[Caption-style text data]
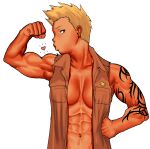  1girl abs biceps blonde_hair borrowed_character breasts breasts_apart brown_vest cessa commission flexing hand_on_hip heart muscular muscular_female navel no_bra original pose profile short_hair simple_background solo tattoo upper_body vest white_background 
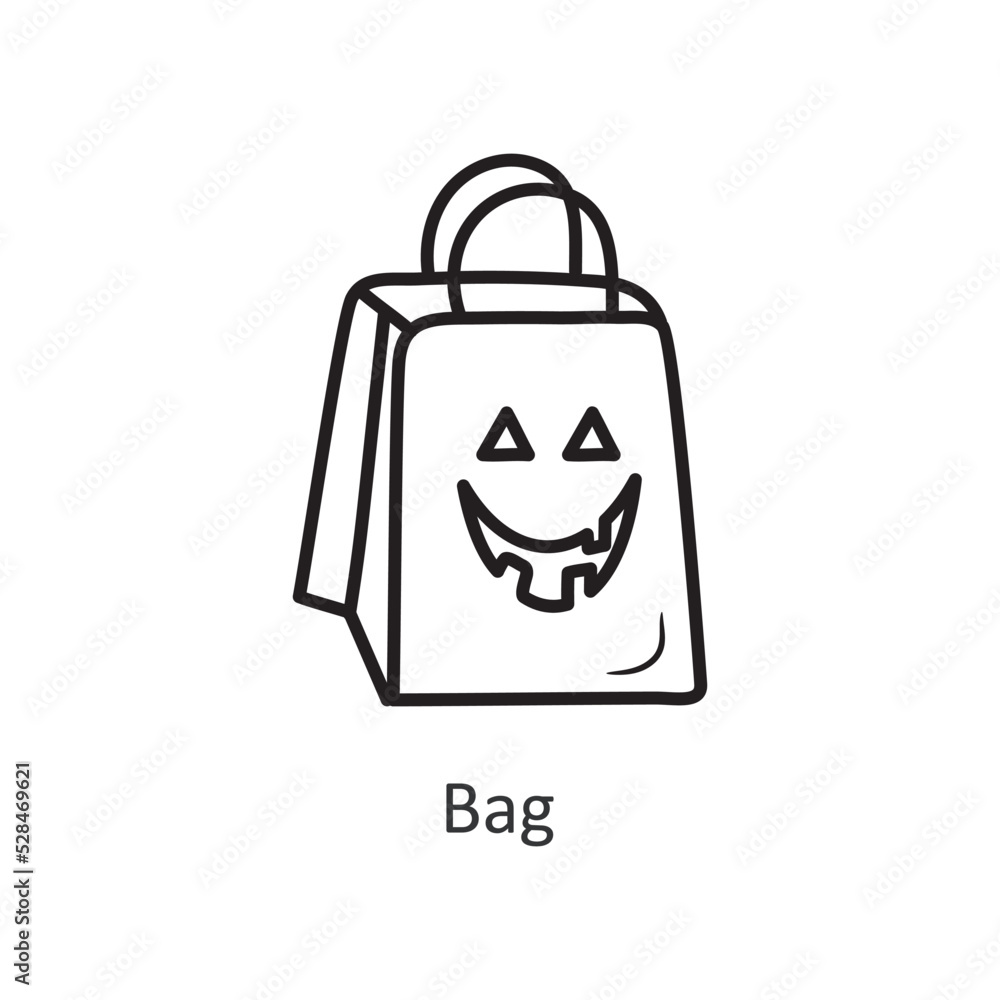 Bag vector outline Icon Design illustration. Halloween Symbol on White background EPS 10 File Bag vector outline Icon Design illustration. Halloween Symbol on White background EPS 10 File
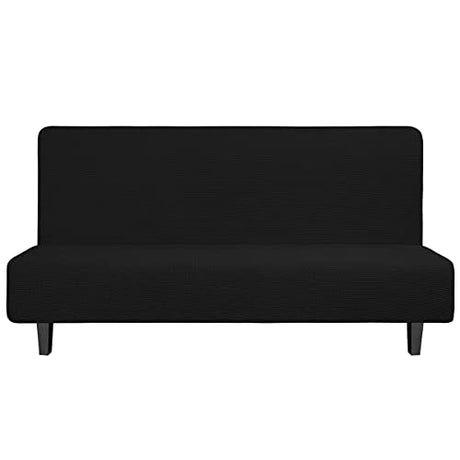Easy-Going Stretch Futon Slipcover Armless Futon Bed Cover Furniture Protector Without Armrests with Elastic Bottom for Kids, Soft Jacquard Fabric Small Checks (Large, Black) Easy-Going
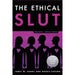 Book cover of The Ethical Slut third edition with stylized silhouettes of four people with hearts on their chests against a purple background.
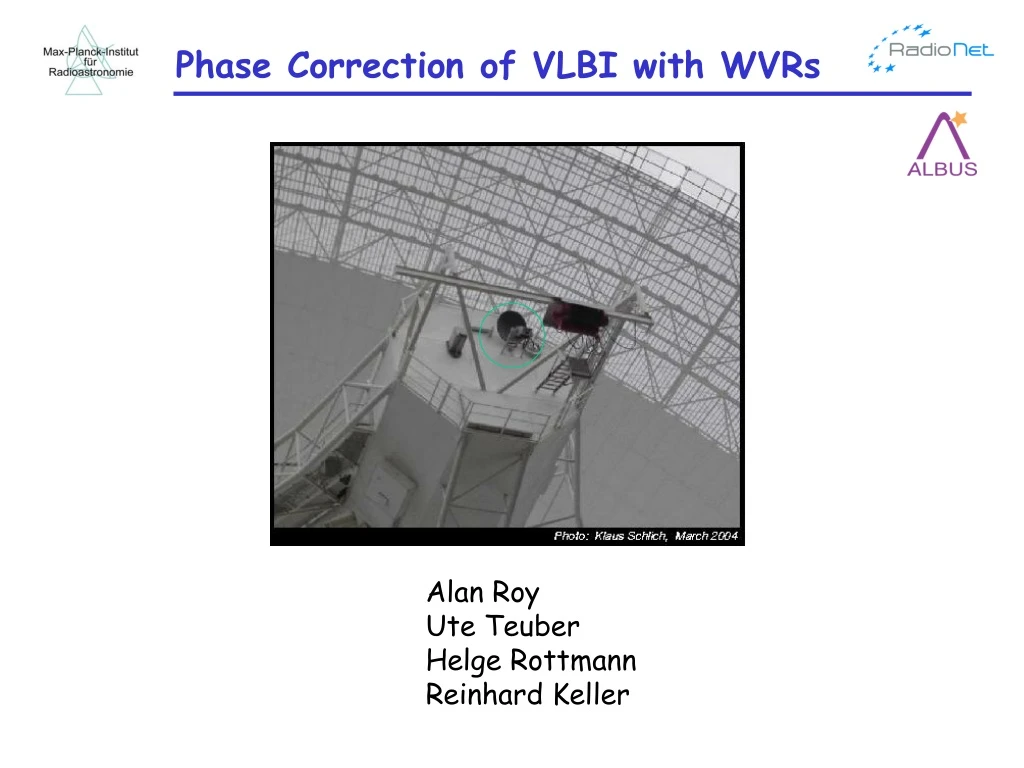 phase correction of vlbi with wvrs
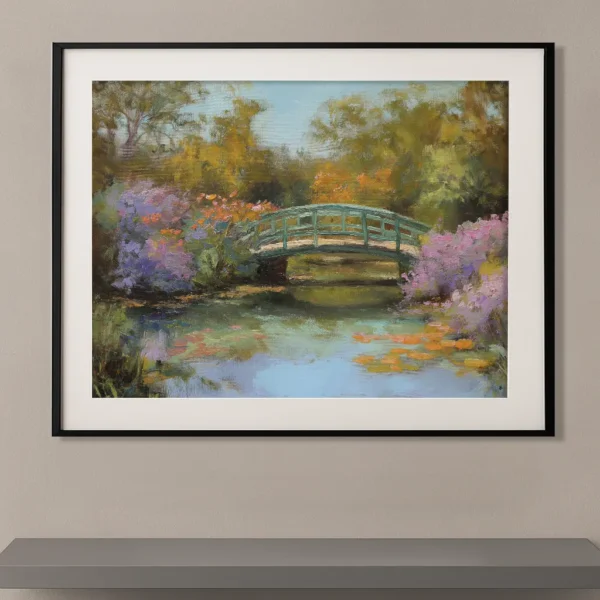 Tableau impressionniste contemporain inspiré de Claude Monet représentant un pont japonais traversant un bassin de nénuphars entouré de fleurs et de végétation luxuriante.
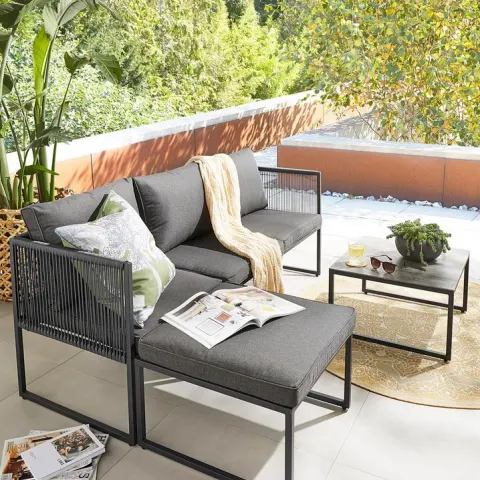 (15/Mez) RRP £399. Seattle Modular Corner Sofa Set Black. Dimensions: (Sofa with Armrest-W58x D58x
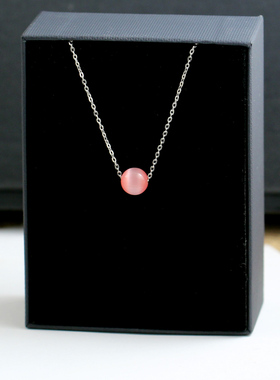 韩版简约气质猫眼石钛钢项链女百搭小众优雅防过敏锁骨链甜美颈链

= Description of the task =
Return each entry exactly as it stands above, apart from any images.

= Exercise response =
  1girl abs biceps blonde_hair borrowed_character breasts breasts_apart brown_vest cessa commission flexing hand_on_hip heart muscular muscular_female navel no_bra original pose profile short_hair simple_background solo tattoo upper_body vest white_background 
 Bag vector outline Icon Design illustration. Halloween Symbol on White background EPS 10 File Bag vector outline Icon Design illustration. Halloween Symbol on White background EPS 10 File
Easy-Going Stretch Futon Slipcover Armless Futon Bed Cover Furniture Protector Without Armrests with Elastic Bottom for Kids, Soft Jacquard Fabric Small Checks (Large, Black) Easy-Going
 Book cover of The Ethical Slut third edition with stylized silhouettes of four people with hearts on their chests against a purple background.
 phase correction of vlbi with wvrs
 Tableau impressionniste contemporain inspiré de Claude Monet représentant un pont japonais traversant un bassin de nénuphars entouré de fleurs et de végétation luxuriante.
 (15/Mez) RRP £399. Seattle Modular Corner Sofa Set Black. Dimensions: (Sofa with Armrest-W58x D58x
 韩版简约气质猫眼石钛钢项链女百搭小众优雅防过敏锁骨链甜美颈链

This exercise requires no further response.